The Office for Students (OfS) plans to consult on a new condition of registration early next year, which means it could be in place before the start of the next academic year.
Colleges and universities risk losing their registration with the OfS if they fail to meet the new requirement.
The requirement is set to be introduced after an evaluation of the OfS ‘statement of expectations’ found that there were serious shortfalls in how colleges and universities were tackling sexual violence.
Susan Lapworth, chief executive of the OfS, told MPs on the women and equalities committee this week: “We’re working on a condition of registration that we would consult on early in the new year and that would put, subject to the consultation, this area of work [sexual harassment and misconduct] onto a sharper regulatory footing. It would put in place mandatory requirements, and it would allow us to intervene when we saw concerns.”
In April last year, the OfS published seven “expectations” which set out how universities and colleges should prevent and respond to incidents of harassment and sexual misconduct, after 50,000 accounts of sexual violence were published on the website Everyone’s Invited.
The statement of expectations provided recommendations for the systems, policies, and practices that institutions need to have in place to prevent and effectively respond to harassment and sexual misconduct.
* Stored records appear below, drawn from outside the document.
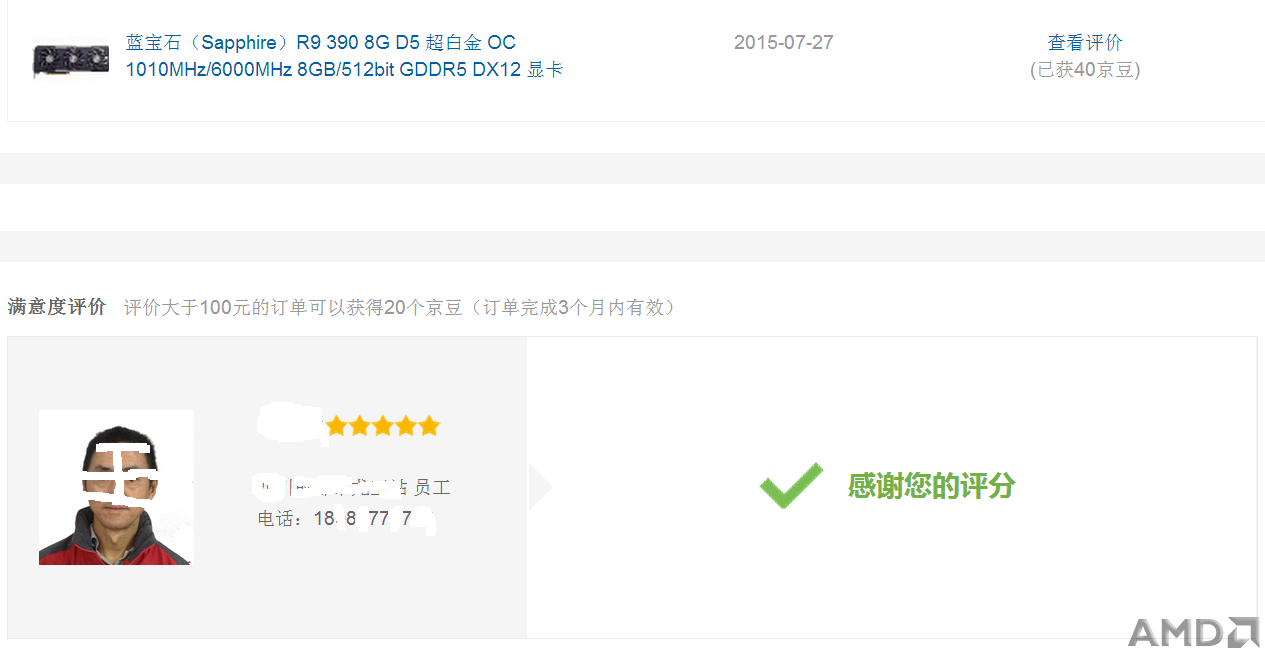 应该认不出来了吧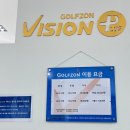 위너스 골프존 | [위너스 골프존] 인천 부평구 산곡동 스크린 골프장 추천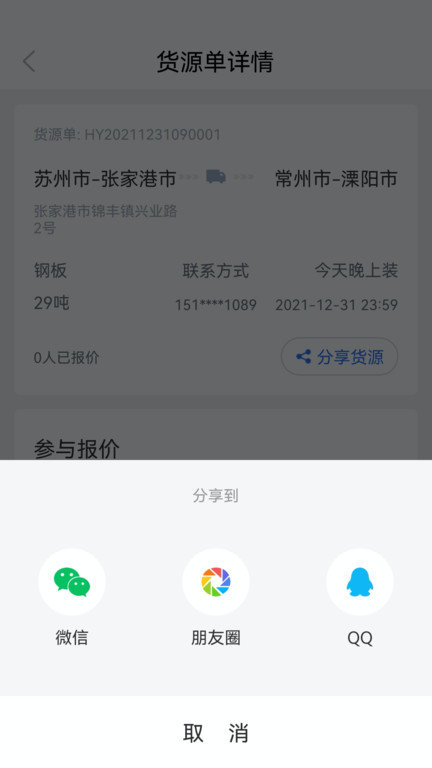 胖猫司机版app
Earlier this year, OfS commissioned an independent evaluation to look at the actions universities and colleges had taken to comply with their statement of expectations. The evaluation, set to be released next month, is expected to show that universities and colleges have taken some steps, such as making it easier for incidents to be reported.
“Patchy and too slow”
But the evidence from students – given as part of the evaluation – suggests that progress has been inconsistent and too slow. Many students don’t know what to do if this happens to them or have a poor experience when they report an incident of harassment.
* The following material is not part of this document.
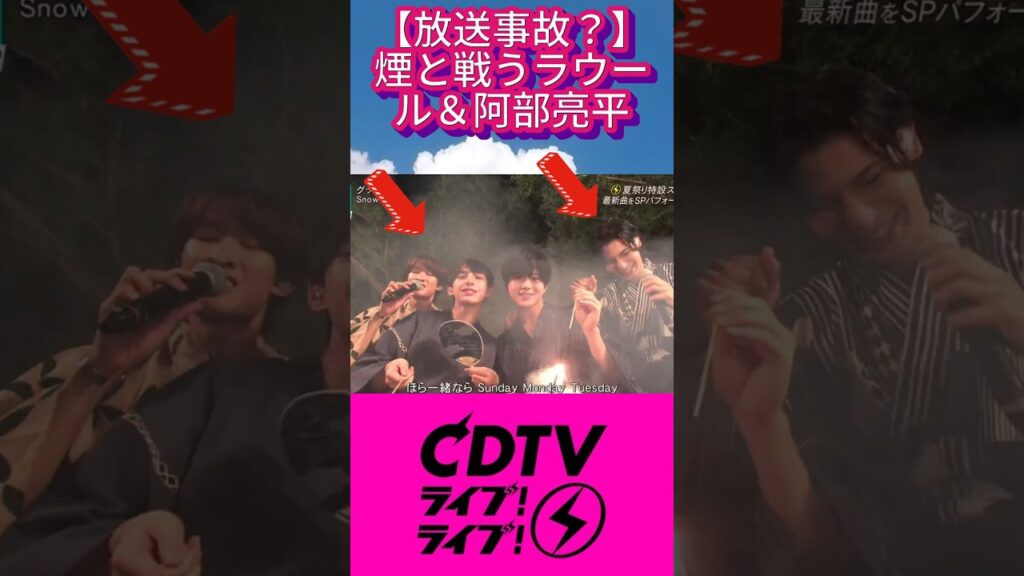 【放送事故？】煙と戦うラウール＆阿部亮平#SnowMan #ラウール #阿部亮平 #グッタイム #cdtvライブライブ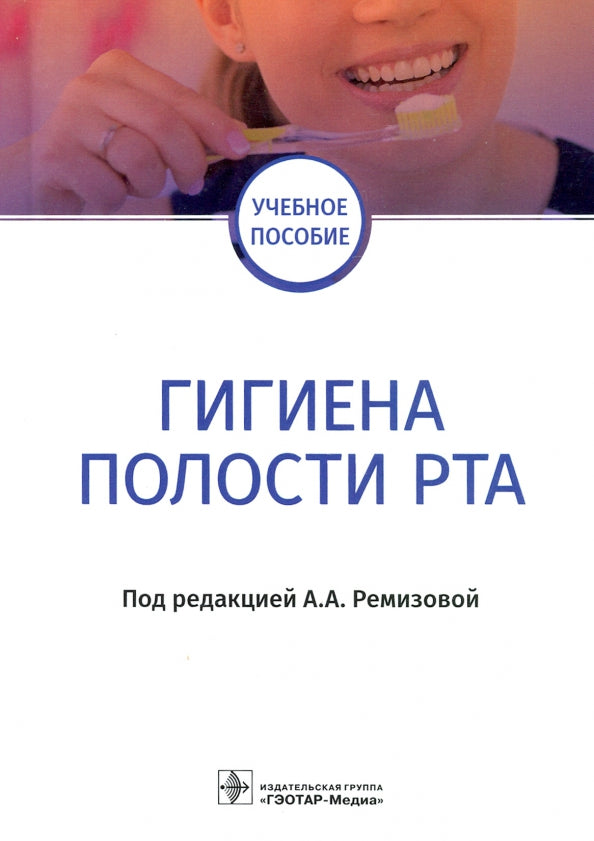 Гигиена полости рта : учебное пособие / под ред. А. А. Ремизовой. — Москва : ГЭОТАР-Медиа, 2021. — 160 с. : ил.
Lapworth said: “[Students] said there has been progress, but it’s been patchy, and it is too slow. So we’re not seeing the impact that we would have expected. We signalled to universities and colleges that if that didn’t do the trick and drive the process then we would impose a condition of registration.”
Julian Gravatt, deputy chief executive of the Association of Colleges, said this is the “right thing for OfS to do”. He told FE Week, however, that there are “complications, because college safeguarding procedures are already regulated by DfE, and Ofsted”.
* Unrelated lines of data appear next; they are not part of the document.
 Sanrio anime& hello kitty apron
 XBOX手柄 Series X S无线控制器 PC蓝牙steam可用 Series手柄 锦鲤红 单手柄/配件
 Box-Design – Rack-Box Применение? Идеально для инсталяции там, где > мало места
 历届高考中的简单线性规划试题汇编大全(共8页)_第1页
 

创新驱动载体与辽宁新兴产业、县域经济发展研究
Gravatt added: “We look forward to discussing the details with all three organisations to ensure the rules work for students and staff in our part of the HE sectors.”
A new pilot prevalence survey was also announced by the OfS this week, which will collect data on sexual violence in higher education settings, and is set to run within the same timeframe as the registration condition consultation.
Lapworth could not say how much the new prevalence survey would cost but confirmed the importance of “conducting a carefully constructed sampling approach across the sector” to determine which sort of students are experiencing sexual violence so they can intervene when they need to.
Drawing on evidence from surveys from the National Union of Students’, Revolt Sexual Assault and Everyone’s Invited, Lapworth corroborated that students with particular characteristics, particularly disabled women and minority ethnic groups, are impacted more by sexual violence.
When asked whether bystander training will make up part of the new requirement, Lapworth confirmed that the OfS’ focus will be on credible, evaluated training.